** Opening RECORDS SHOWN block **

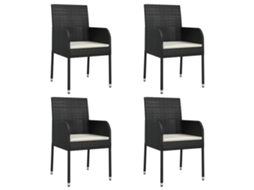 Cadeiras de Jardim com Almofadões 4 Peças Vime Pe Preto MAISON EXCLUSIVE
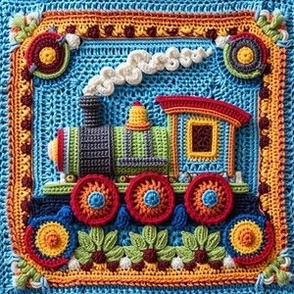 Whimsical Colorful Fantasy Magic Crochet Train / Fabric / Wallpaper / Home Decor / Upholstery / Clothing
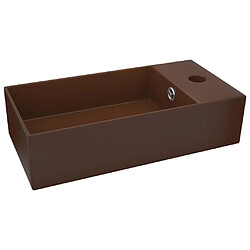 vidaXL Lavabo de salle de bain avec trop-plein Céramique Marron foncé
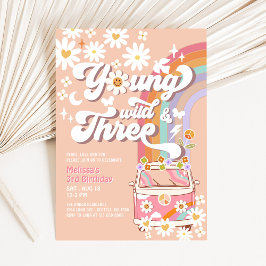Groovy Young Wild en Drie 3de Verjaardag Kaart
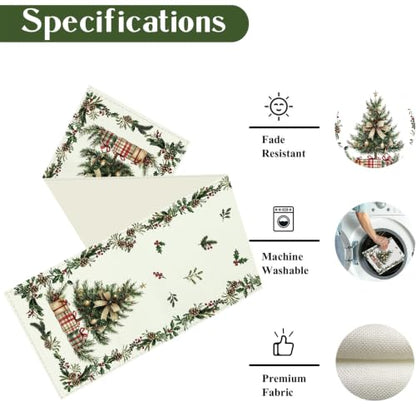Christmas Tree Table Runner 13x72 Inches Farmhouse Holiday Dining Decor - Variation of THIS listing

** Closing RECORDS SHOWN block **
** Opening RECORDS SHOWN block **

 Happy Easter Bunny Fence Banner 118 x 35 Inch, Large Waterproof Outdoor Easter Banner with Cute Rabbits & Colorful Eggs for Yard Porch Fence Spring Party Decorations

** Closing RECORDS SHOWN block **
** Opening RECORDS SHOWN block **

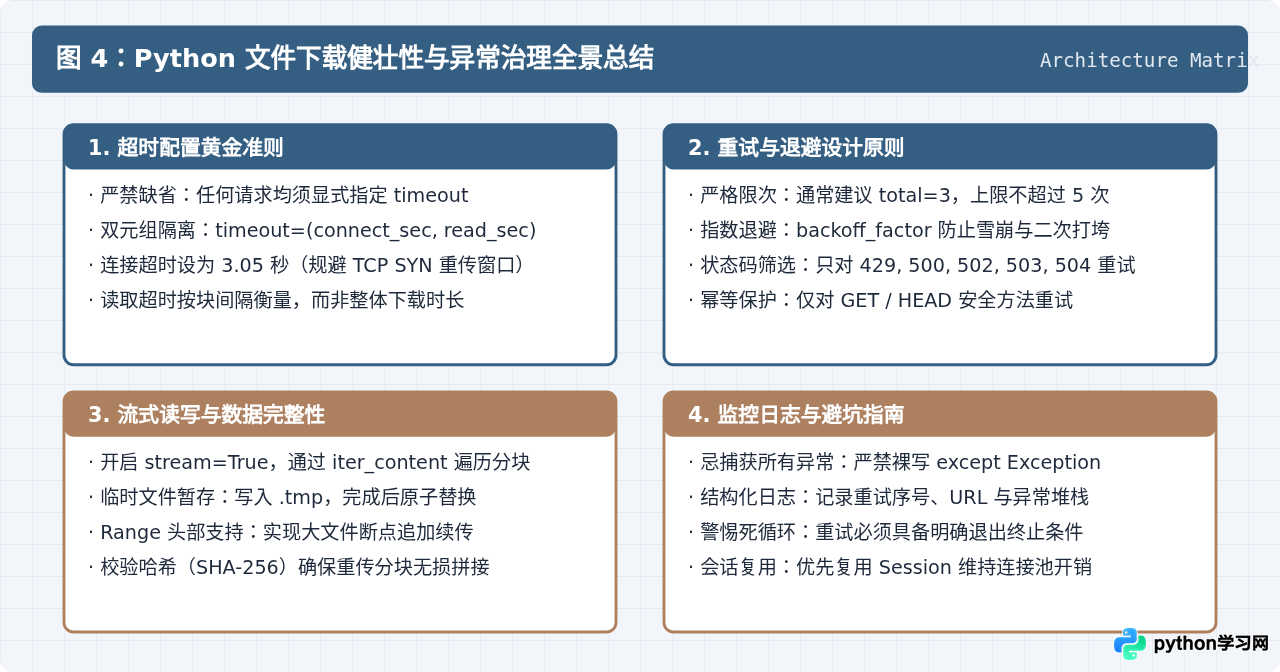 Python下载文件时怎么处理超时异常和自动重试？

** Closing RECORDS SHOWN block **

*WORK INSTRUCTIONS:*
Copy the lines above exactly, starting with the line that contains "Groovy Young Wild" and ending with the line that contains "Christmas Tree Table", and leave out any pictures.

*RESULT FOR THIS TASK:*
Groovy Young Wild en Drie 3de Verjaardag Kaart
Christmas Tree Table Runner 13x72 Inches Farmhouse Holiday Dining Decor - Variation of THIS listing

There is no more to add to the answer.